Todo inicia como un juego, los principales actores no alcanzan los dos años de edad, pero con el apoyo de sus madres desarrollan las rutinas de la mejor manera favoreciendo su desarrollo inicial.

Dentro de una piscina con pelotas, cada uno de los infantes hace gala de sus destrezas, algunos con timidez, otros con más grado de socialización comparten con sus compañeros del programa de intervención inicial, “Mi Primer Paso” del Centro de Rehabilitación Integral de Oriente, CRIOR.

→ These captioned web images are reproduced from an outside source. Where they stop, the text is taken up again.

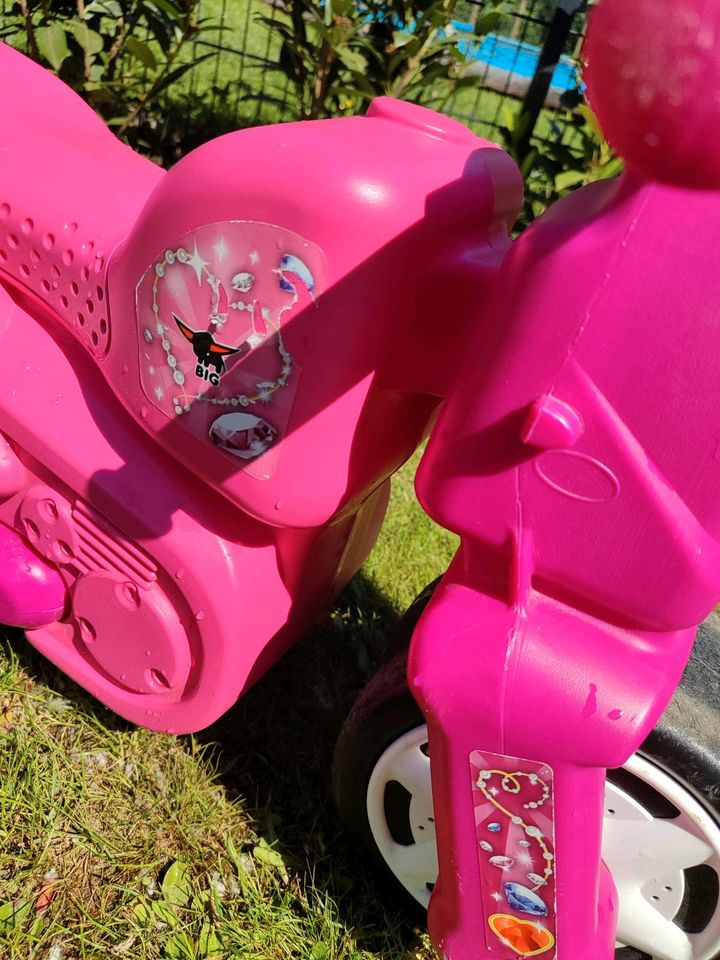 Pinkes Motorrad von BIG in Dortmund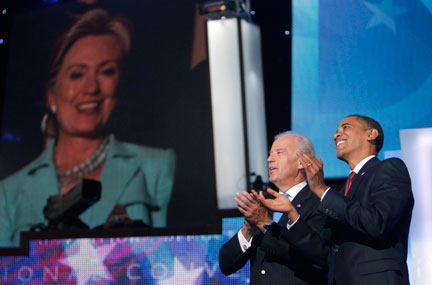 Face à des milliers de délégués survoltés, Hillary Clinton interrompt le processus de comptage des voix et propose de proclamer Barack Obama vainqueur par acclamation.(Photo : Reuters)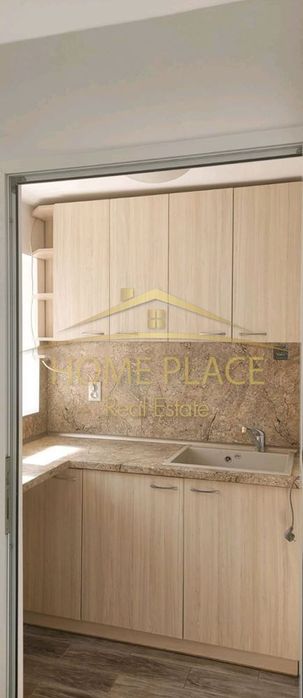 Дава се под наем Етаж от къща в Варна, Цветен квартал - 65 кв.м за 433.5 € - Снимка #2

La Licenciada Arely de Merlos, Psicóloga del CRIOR, explica que el objetivo principal del programa es orientar a los padres sobre la importancia de la estimulación inicial en sus hijos en los dos primeros años de vida.

La actividad se desarrolla en un ambiente acogedor donde madres e hijos tiene el espacio para poder establecer un vínculo afectivo y de aprendizaje que facilite el desarrollo de los infantes.

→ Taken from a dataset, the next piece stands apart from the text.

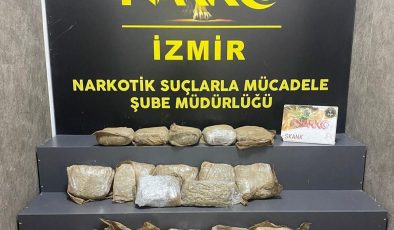 İzmir’de 12 kilo 200 gram skank elle geçirildi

“Vamos converse con su hijo, dígale esto es una pelota y es de color verde” esta eran parte de las indicaciones que la Licda. de Merlos daba a las madres de familia que participaban del evento.

A través de este tipo de actividades   se desarrolla la estimulación Psicoafectiva, el lenguaje y el área cognitiva de los menores en sus dos primeros años de vida, puntualizó la Licda. de Merlos.

Karen Quinteros, es una de las madres de familia que asiste a este programa junto a su hijo Maximiliano, de tan solo nueve meses de edad. Ella opina que este tipo de actividades son de mucho beneficio para ellos.

“Aprendemos a conocer mejor a nuestros hijos y al mismo tiempo les ayudamos en su desarrollo, hay que darnos el tiempo para jugar con ellos y de esa manera mejorar sus habilidades” dijo la señora Quinteros.

La jornada concluyó con una canción de despedida, la cual permitió a las madres poder bailar con sus hijos y mostrarles todo el amor que tiene para ellos.